Microsoft AI involuntarily exposed a secret giving access to 38TB of confidential data for 3 years

The WIZ Research team recently discovered that an overprovisioned SAS token had been lying exposed on GitHub for nearly three years. This token granted access to a massive 38-terabyte trove of private data. This Azure storage contained additional secrets, such as private SSH keys, hidden within the disk backups of two Microsoft employees. This revelation underscores the importance of robust data security measures.

What happened?

WIZ Research recently disclosed a data exposure incident found on Microsoft’s AI GitHub repository on June 23, 2023.

The researchers managing the GitHub used an Azure Storage sharing feature through a SAS token to give access to a bucket of open-source AI training data.

This token was misconfigured, giving access to the account's entire cloud storage rather than the intended bucket.

This storage comprised 38TB of data, including a disk backup of two employees’ workstations with secrets, private keys, passwords, and more than 30,000 internal Microsoft Teams messages.

SAS (Shared Access Signatures) are signed URLs for sharing Azure Storage resources. They are configured with fine-grained controls over how a client can access the data: what resources are exposed (full account, container, or selection of files), with what permissions, and for how long. See Azure Storage documentation.

After disclosing the incident to Microsoft, the SAS token was invalidated. From its first commit to GitHub (July 20, 2020) to its revoking, nearly three years elapsed. See the timeline presented by the Wiz Research team:

Why did the token have such an extended lifespan? If you take a look at the timeline, you'll see that the token's expiration date was extended by an additional 30 years post-expiration. This longevity isn't surprising when you consider that the token was intentionally engineered to be shared and grant access to training data.

Yet, as emphasized by the WIZ Research team, there was a misconfiguration with the Shared Access Signature (SAS).

Data Exposure

The token was allowing anyone to access an additional 38TB of data, including sensitive data such as secret keys, personal passwords, and over 30,000 internal Microsoft Teams messages from hundreds of Microsoft employees.

Here is an excerpt from some of the most sensitive data recovered by the Wiz team:

Not only was the access scope excessively permissive, but the token was also misconfigured to grant "full control" permissions instead of read-only. This means that an attacker not only had the ability to view all the files in the storage account but could also delete and overwrite existing files.

As highlighted by the researchers, this could have allowed an attacker to inject malicious code into the storage blob that could then automatically execute with every download by a user (presumably an AI researcher) trusting in Microsoft's reputation, which could have led to a supply chain attack.

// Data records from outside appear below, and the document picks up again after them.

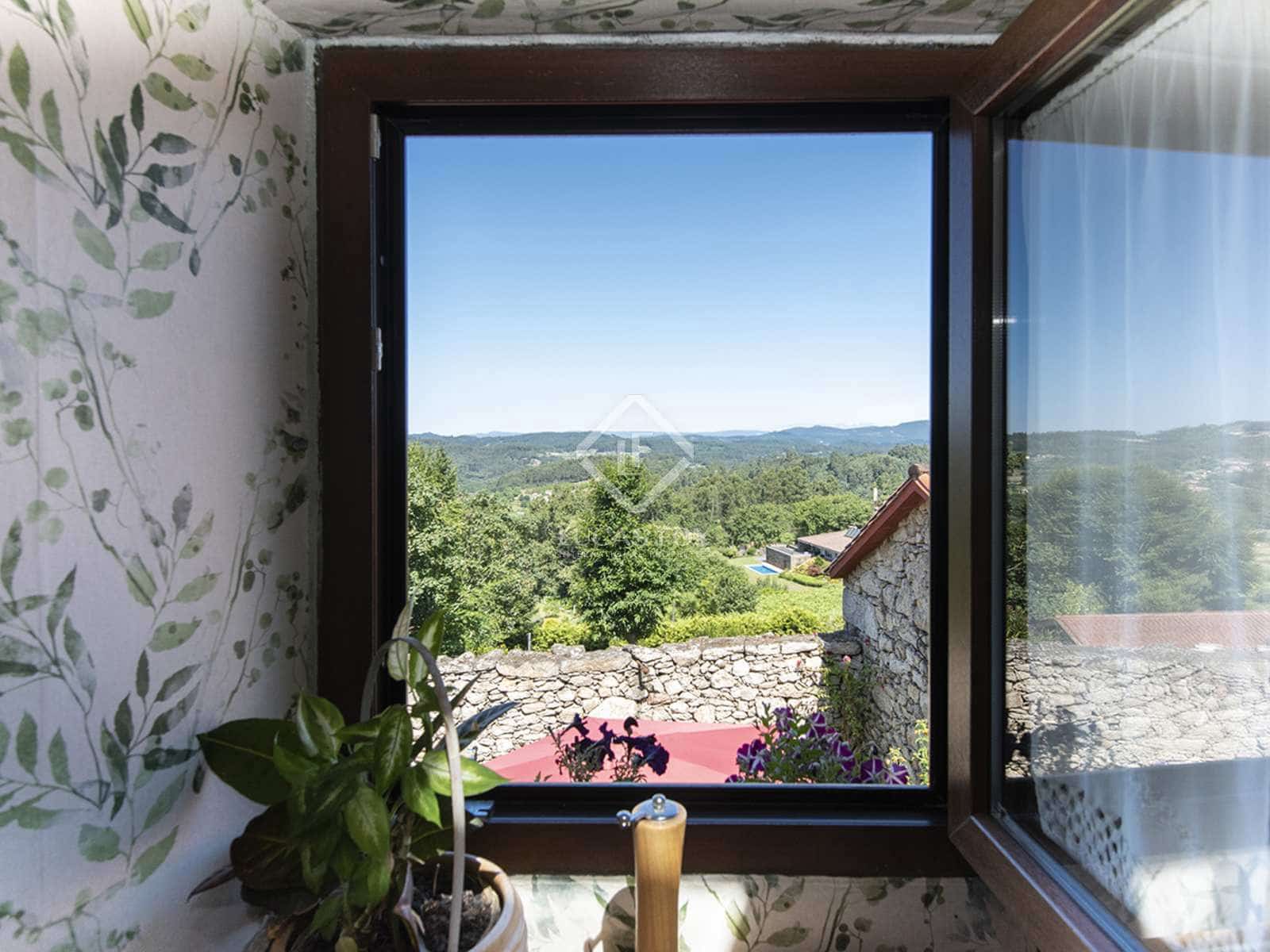 4 soveværelse Villa til salg i Barro med garage - € 695.000 (Ref: 7897224)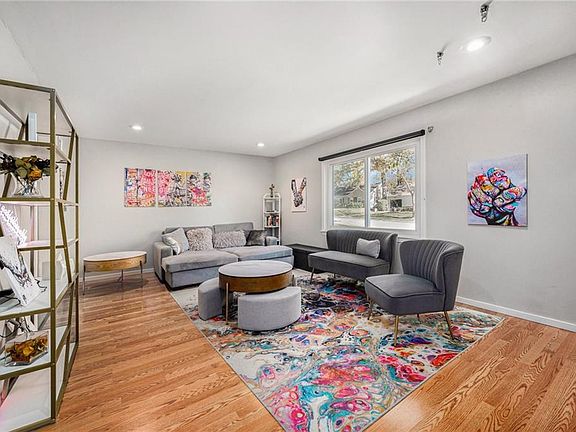 5th image of 7530 Rainbow Dr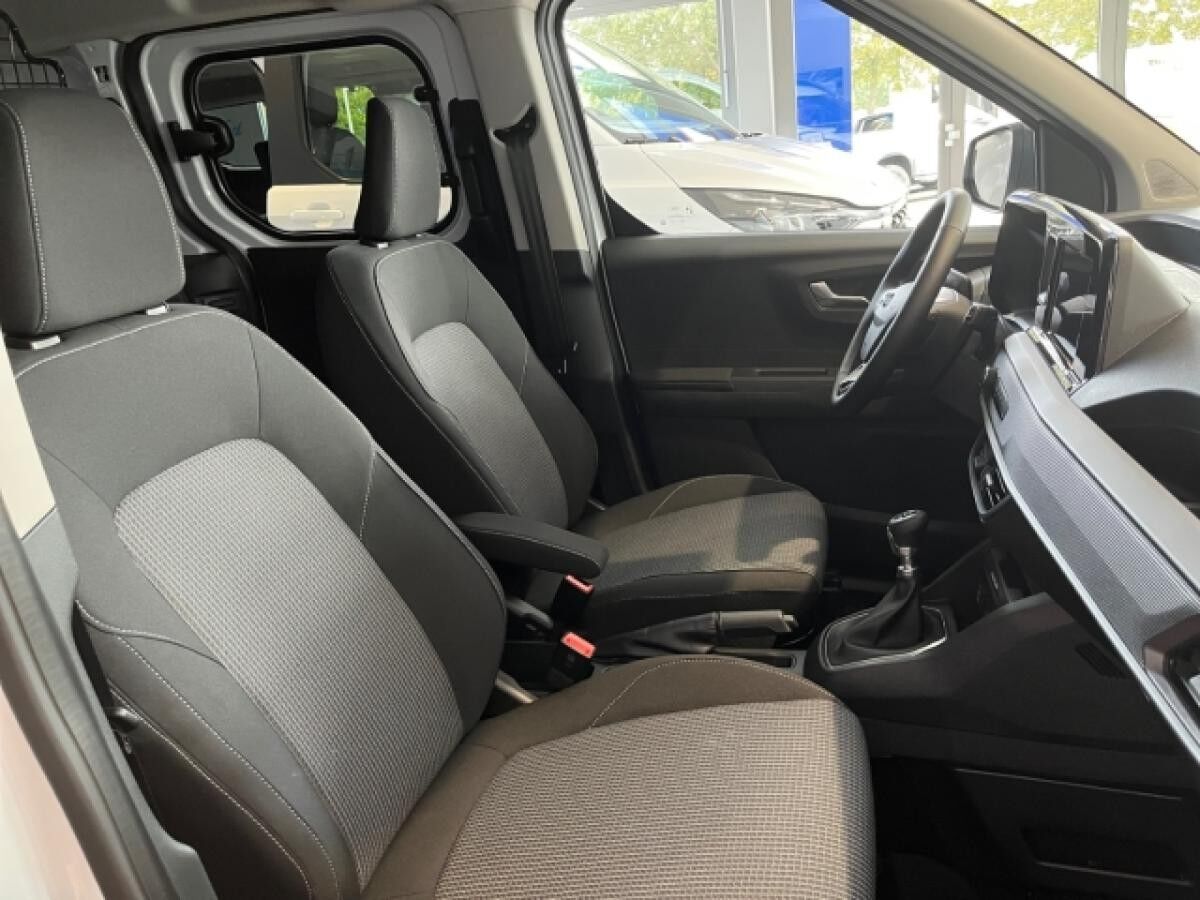 Ford Transit Courier Doppelkabine Trend AHK LED-Tagfahrlicht Reserverad Winterpaket Doppelschiebetür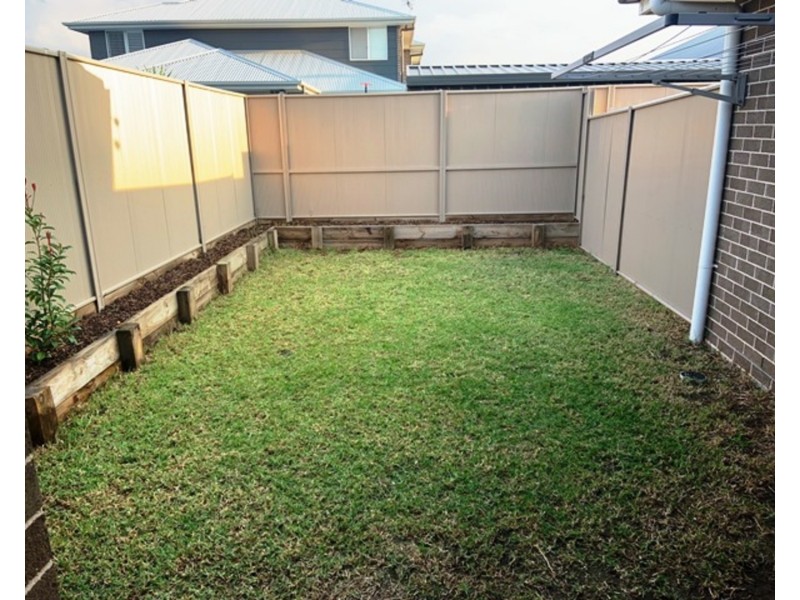 Granny Flat/10B Owens Street, Spring Farm NSW 2570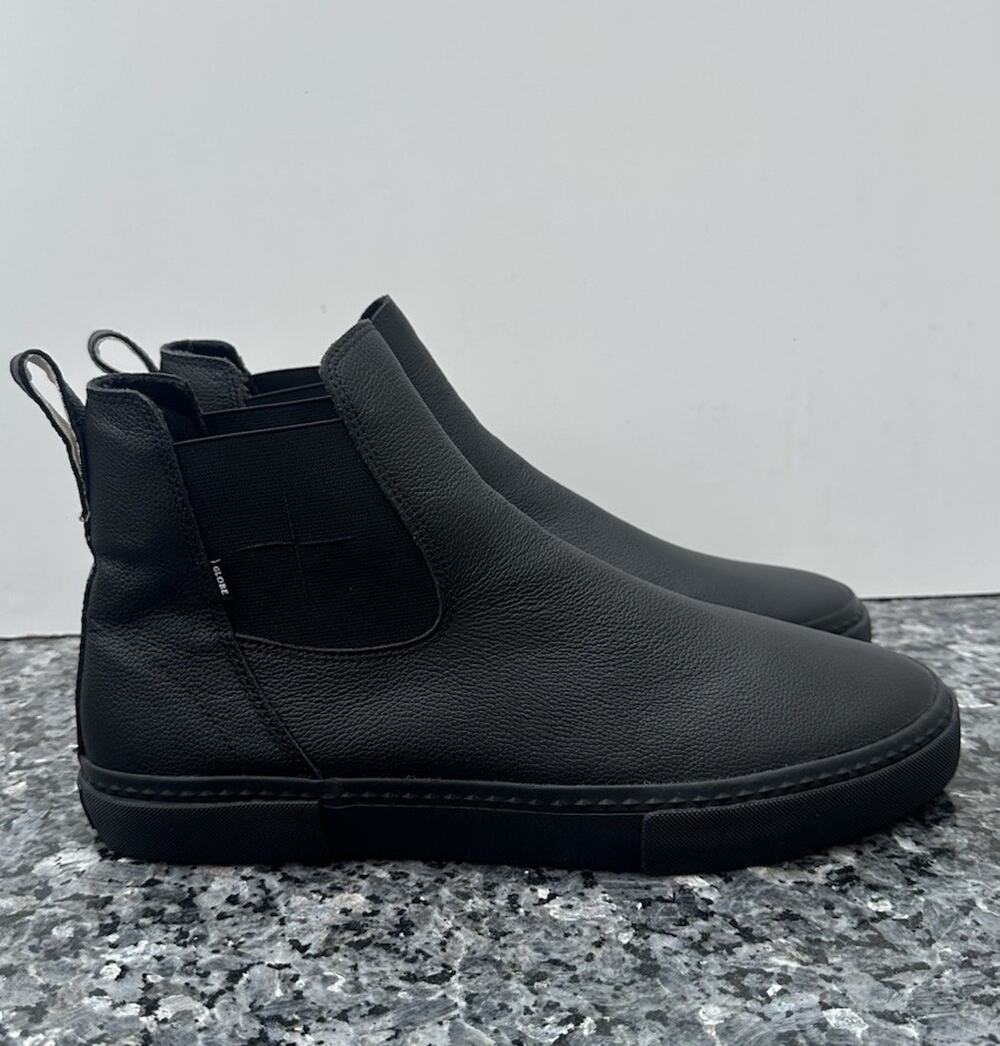 Globe Men's Dover II Skate Shoes Slip On All Black Two-tone Sole US size 11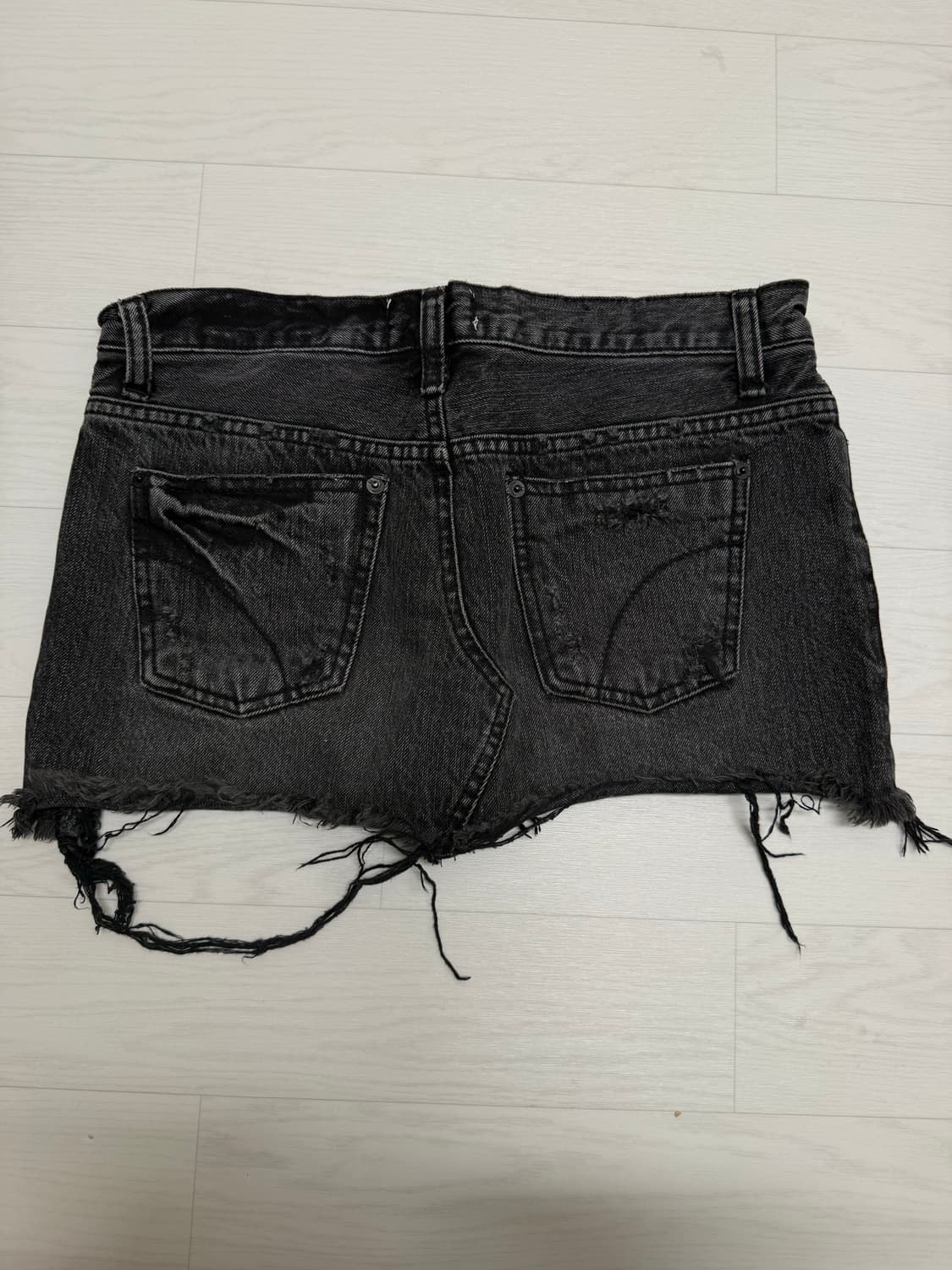 블랙 데님 데미지 미니 스커트 상품이미지2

Also read Examples of software supply chain attacks

Security Risks

According to the researchers, Account SAS tokens such as the one presented in their research present a high-security risk. This is because these tokens are highly permissive, long-lived tokens that escape the monitoring perimeter of administrators.

When a user generates a new token, it is signed by the browser and doesn't trigger any Azure event. To revoke a token, an administrator needs to rotate the signing account key, therefore revoking all the other tokens at once.

Ironically, the security risk of a Microsoft product feature (Azure SAS tokens) caused an incident for a Microsoft research team, a risk recently referenced by the second version of the Microsoft threat matrix for storage services:

Secrets Sprawl

This example perfectly underscores the pervasive issue of secrets sprawl within organizations, even those with advanced security measures. Intriguingly, it highlights how an AI research team, or any data team, can independently create tokens that could potentially jeopardize the organization. These tokens can cleverly sidestep the security safeguards designed to shield the environment.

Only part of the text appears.